Pro und Contra: Inklusion im Sport?
7. August 2014Da staunte der Laie und die Fachwelt wunderte sich. Der Weitspringer von Bayer Leverkusen wurde am 26. Juli 2014 in seiner Disziplin Deutscher Meister, obwohl er behindert ist. Mit einer Weite von 8,24 Meter schlug der den nicht behinderten Ex-Europameister Christian Reif um vier Zentimeter, ließ also die gesamte nichtbehinderte Konkurrenz hinter sich. Seit einem Sportunfall vor elf Jahren ist der 25-Jährige Markus Rehm unterschenkelamputiert.
Bei Wettkämpfen trägt der gelernte Orthopädietechniker-Meister eine Prothese aus Karbon. Um diese Prothese drehen sich Spekulationen und Diskussionen: Ist sie eine Behinderung beim Sport oder verschafft sie Rehm einen entscheidenden und damit unerlaubten Vorteil? Weil diese Frage nicht geklärt ist, gilt der Sieg des Athleten bei den Deutschen Meisterschaften zunächst nur unter Vorbehalt.
Keine Teilnahme bei der Europameisterschaft
Vier Tage nach Markus Rehms Sieg gab der Deutsche Leichtathletik-Verband (DLV) bekannt, dass der Weitspringer nicht an den Europameisterschaften teilnehmen darf, die vom 12. Bis 17. August 2014 in Zürich ausgetragen werden. Zur Begründung führt Clemens Prokopp, der Präsident des Verbands an, dass "deutliche Zweifel" daran bestünden, "dass Sprünge mit Beinprothese und mit einem natürlichen Sprunggelenk vergleichbar sind". Messungen hatten ergeben, dass Rehm trotz eines langsameren Anlaufs eine höhere Vertikalgeschwindigkeit erreichte als seine Konkurrenten, im Ergebnis also weiter sprang.
Inklusion im Sport gescheitert?
Im vielfältigen Durcheinander der Stimmen, die sich nach der Entscheidung des Deutschen Leichtathletik-Verbandes zur Nicht-Nominierung Rehms erhoben, lassen sich im Wesentlichen zwei Strömungen ausmachen. Erstens: Die Entscheidung sei eine Benachteiligung behinderter Sportler und ein Rückschlag für die Inklusion innerhalb der Gesellschaft. Stimmenlager zwei betont dagegen, im Sport müsse es fair zugehen.
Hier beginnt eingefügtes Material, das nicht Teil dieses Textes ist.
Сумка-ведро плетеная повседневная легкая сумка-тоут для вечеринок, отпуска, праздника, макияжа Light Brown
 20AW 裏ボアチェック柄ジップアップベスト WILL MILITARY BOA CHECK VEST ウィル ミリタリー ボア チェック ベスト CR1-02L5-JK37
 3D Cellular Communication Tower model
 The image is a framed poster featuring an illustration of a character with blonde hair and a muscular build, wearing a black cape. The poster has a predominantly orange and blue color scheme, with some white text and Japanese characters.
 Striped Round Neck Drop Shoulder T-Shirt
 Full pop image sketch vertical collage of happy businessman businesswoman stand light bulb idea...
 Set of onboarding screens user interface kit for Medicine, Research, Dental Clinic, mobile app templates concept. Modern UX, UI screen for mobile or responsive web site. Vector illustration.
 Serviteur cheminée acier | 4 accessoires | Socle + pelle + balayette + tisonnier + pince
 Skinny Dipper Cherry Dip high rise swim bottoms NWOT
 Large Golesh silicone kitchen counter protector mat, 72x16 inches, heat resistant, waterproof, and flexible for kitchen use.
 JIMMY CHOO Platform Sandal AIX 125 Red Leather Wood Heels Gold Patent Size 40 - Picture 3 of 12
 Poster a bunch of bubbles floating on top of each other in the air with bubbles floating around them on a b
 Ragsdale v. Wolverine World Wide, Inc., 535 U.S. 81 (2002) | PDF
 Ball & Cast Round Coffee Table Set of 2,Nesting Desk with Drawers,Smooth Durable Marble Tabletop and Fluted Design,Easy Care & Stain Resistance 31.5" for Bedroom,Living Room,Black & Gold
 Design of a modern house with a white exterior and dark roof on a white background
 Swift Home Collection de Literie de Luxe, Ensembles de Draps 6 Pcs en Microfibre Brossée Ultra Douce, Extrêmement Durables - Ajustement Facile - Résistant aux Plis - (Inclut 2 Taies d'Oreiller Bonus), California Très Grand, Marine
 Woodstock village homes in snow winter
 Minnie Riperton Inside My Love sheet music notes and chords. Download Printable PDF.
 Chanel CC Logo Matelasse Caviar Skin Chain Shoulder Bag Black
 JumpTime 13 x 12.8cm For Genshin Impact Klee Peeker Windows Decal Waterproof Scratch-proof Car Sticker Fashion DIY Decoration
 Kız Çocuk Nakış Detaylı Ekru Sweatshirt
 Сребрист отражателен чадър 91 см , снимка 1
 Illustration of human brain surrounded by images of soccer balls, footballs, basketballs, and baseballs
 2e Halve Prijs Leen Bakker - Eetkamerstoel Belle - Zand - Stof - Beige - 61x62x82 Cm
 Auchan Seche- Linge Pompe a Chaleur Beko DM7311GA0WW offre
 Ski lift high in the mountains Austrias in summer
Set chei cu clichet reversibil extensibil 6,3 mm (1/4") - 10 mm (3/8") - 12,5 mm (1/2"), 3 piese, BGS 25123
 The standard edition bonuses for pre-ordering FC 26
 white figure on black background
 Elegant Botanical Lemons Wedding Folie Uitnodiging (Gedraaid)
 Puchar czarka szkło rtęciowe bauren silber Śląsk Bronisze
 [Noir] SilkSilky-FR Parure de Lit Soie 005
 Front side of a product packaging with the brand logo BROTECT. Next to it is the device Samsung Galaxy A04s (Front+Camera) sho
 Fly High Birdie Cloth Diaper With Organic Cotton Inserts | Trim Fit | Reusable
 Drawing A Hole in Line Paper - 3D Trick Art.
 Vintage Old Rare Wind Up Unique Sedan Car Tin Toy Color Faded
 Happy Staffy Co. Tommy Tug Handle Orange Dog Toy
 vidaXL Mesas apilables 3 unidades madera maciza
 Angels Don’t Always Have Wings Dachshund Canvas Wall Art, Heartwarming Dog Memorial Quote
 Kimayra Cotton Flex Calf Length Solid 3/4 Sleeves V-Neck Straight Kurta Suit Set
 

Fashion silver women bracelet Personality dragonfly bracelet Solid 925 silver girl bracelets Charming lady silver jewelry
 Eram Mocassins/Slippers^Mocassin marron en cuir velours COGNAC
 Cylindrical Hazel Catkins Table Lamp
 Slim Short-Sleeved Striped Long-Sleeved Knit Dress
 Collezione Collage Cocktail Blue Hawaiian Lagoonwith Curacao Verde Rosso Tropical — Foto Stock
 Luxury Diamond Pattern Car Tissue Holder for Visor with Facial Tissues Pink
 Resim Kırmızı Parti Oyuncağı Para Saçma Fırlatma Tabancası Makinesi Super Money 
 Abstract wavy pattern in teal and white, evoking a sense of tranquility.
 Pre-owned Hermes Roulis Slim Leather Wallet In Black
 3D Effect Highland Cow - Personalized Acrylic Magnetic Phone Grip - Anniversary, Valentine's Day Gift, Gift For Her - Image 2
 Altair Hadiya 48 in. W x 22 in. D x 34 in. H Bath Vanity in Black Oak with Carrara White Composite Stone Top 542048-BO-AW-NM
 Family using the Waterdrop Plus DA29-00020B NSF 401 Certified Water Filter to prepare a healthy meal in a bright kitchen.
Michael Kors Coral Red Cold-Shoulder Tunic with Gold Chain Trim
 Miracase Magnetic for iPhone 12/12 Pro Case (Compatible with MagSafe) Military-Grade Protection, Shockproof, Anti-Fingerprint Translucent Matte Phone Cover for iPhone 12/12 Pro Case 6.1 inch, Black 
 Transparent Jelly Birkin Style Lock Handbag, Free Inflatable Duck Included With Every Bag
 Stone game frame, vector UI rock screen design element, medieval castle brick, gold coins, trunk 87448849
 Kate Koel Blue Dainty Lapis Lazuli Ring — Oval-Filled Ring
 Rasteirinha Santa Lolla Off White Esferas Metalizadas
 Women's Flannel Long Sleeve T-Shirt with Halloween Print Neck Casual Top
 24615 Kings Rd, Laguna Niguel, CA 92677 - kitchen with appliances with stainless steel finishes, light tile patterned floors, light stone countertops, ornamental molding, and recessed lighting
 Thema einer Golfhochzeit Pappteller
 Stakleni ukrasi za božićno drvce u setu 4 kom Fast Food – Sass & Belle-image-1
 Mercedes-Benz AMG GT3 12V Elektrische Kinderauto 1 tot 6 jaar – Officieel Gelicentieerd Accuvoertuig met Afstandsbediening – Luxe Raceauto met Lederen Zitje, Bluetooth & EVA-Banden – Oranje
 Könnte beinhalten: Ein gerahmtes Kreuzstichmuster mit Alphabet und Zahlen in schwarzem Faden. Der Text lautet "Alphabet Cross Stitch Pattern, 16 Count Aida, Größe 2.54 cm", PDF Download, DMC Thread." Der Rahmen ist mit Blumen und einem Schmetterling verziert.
Solange nur der geringste Zweifel an einer Chancengleichheit im Wettkampf bestehe, dürfe Markus Rehmer nicht starten. "Die Verbände haben die regeltheoretischen Entscheidungen zu treffen. Das hat mit Inklusion oder Gegeninklusion nichts zu tun", sagt Helmut Digel, deutsches Mitglied im Führungsgremium des Weltleichtathletikverbandes IAAF. Wer hat also recht?
Der betroffene Markus Rehm hat inzwischen seinerseits ein Beispiel für Fair Play gegeben. Trotz großer Zweifel an der Richtigkeit seiner Nichtnominierung für die Leichtathletik-EM in Zürich will er sie juristisch nicht anfechten. Doch ist der Fall für ihn nicht erledigt: "Es darf nicht in den Köpfen bleiben, dass ich nur wegen der Beinprothese gewonnen habe. Das wäre ein extrem falsches Bild", so der Weitspringer. Er wird also weiter kämpfen.